Magic in the Moonlight, écrit et réalisé par Woody Allen
Avec Colin Firth, Emma Stone, Eileen Atkins et Marcia Gay Harden
Durée : 1h38 / Date de sortie : 22 octobre 2014

On a beau penser que chaque film de Woody Allen n’est qu’un retour en arrière, on y retourne malgré tout chaque année. Tout d’abord pour voir si le cinéaste persévère dans sa belle irrégularité depuis dix ans, qui voudrait qu’il fasse un bon film sur deux, puis pour prendre des nouvelles de l’homme aussi dont le tableau du monde ne cesse de s’assombrir.

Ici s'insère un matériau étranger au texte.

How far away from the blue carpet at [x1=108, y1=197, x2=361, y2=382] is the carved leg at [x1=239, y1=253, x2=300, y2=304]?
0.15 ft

S’il cache cela sous des airs de carte postale, Woody Allen a toujours été aussi très intelligent dans son jeu de faux-semblants. Son précédent film, le nébuleux Blue Jasmine, mettait déjà en avant les doutes de plus en plus forts de l’Américain au travers de conversations intérieures de son héroïne. Woody Allen, trop vieux ? D’aucuns le croiront, Magic in the Moonlight est pourtant aux antipodes.

Les premières images chez Allen sont souvent révélatrices du film qui découlera. Force est de constater qu’on peut encore se tromper au cinéma. Passée une scène de prestidigitation assez inintéressante, une scène d’exposition plutôt verbeuse, la magie de ce quarantaine-septième film s’empare rapidement du spectateur. La collaboration lumineuse avec Darius Khondji en est principalement la cause. Le chef opérateur capte dans les paysages de la Côte d’Azur des couleurs naturelles qui subliment chaque plan du film. Magic in the Moonlight est une fable posée, et non pas poseuse, qui use du thème de la magie pour opérer des questionnements existentiels assez larges. De prime abord, et ce du fait de sa dramaturgie relativement basique, ce nouveau long-métrage pourrait ressembler à une énième réflexion d’un auteur, plus que d’un cinéaste. La littérature est une influence débordante dans ce métrage, de Scott Fitzgerald à Nietzsche. Pourtant, le film ne demande qu’à creuser les sillons qu’il trace peu à peu, le film avançant.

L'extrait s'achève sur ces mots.